* **PROBLEM DETAILS**: The whole listing, please: repeat it exactly, with the pictures left out.

* **EXTRACTED MATERIAL**:
====

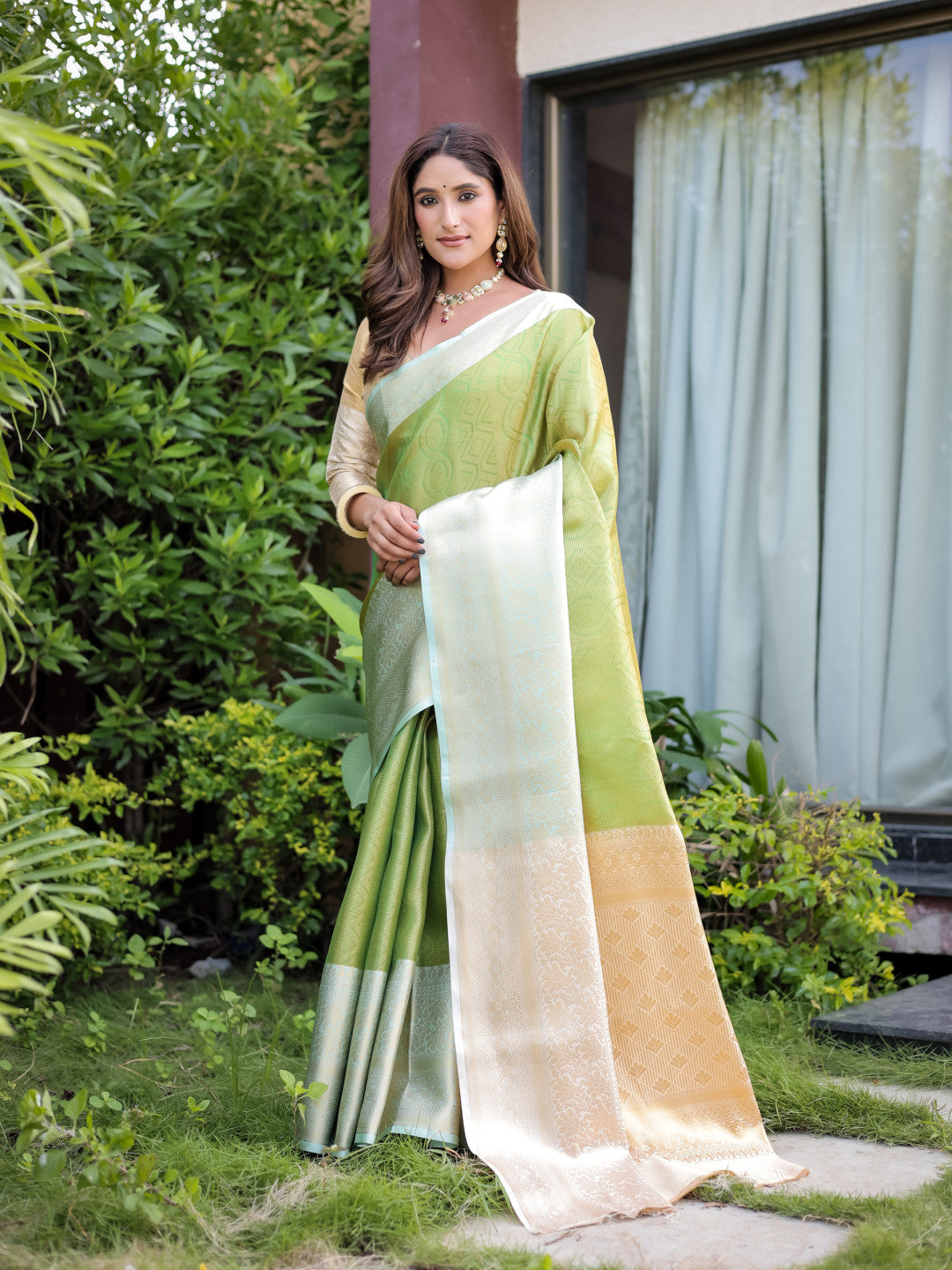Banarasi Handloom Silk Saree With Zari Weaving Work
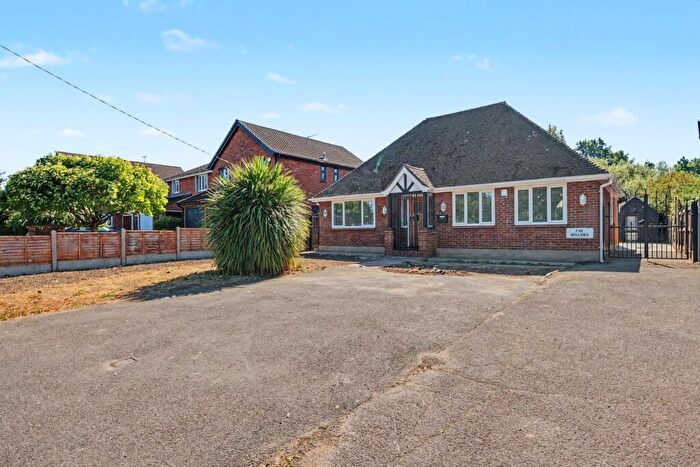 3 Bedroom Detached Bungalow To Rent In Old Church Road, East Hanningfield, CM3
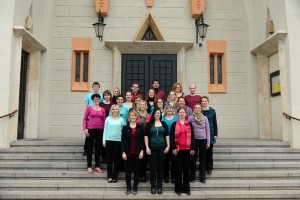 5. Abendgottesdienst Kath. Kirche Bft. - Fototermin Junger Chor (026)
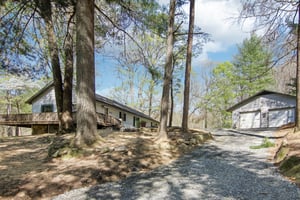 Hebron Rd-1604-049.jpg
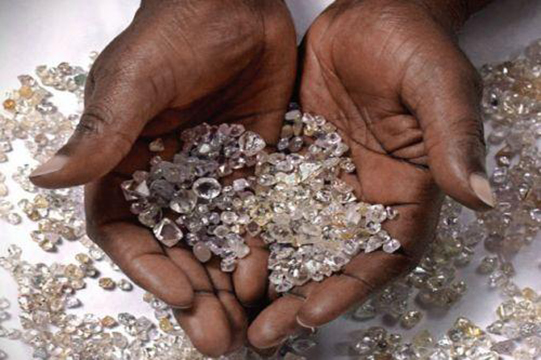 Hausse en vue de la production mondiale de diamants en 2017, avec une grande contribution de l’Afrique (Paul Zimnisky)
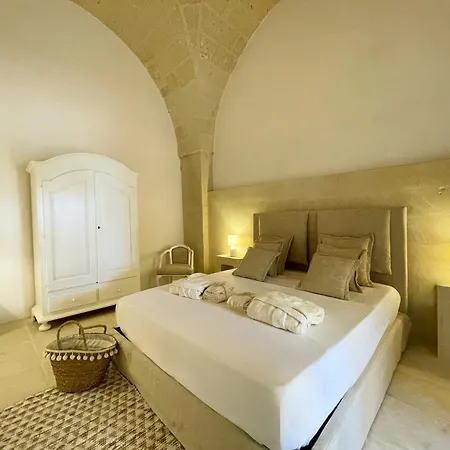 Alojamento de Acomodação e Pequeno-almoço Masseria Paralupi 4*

====

* **TASK RESPONSE**:
Banarasi Handloom Silk Saree With Zari Weaving Work
 3 Bedroom Detached Bungalow To Rent In Old Church Road, East Hanningfield, CM3
 5. Abendgottesdienst Kath. Kirche Bft. - Fototermin Junger Chor (026)
 Hebron Rd-1604-049.jpg
 Hausse en vue de la production mondiale de diamants en 2017, avec une grande contribution de l’Afrique (Paul Zimnisky)
 Alojamento de Acomodação e Pequeno-almoço Masseria Paralupi 4*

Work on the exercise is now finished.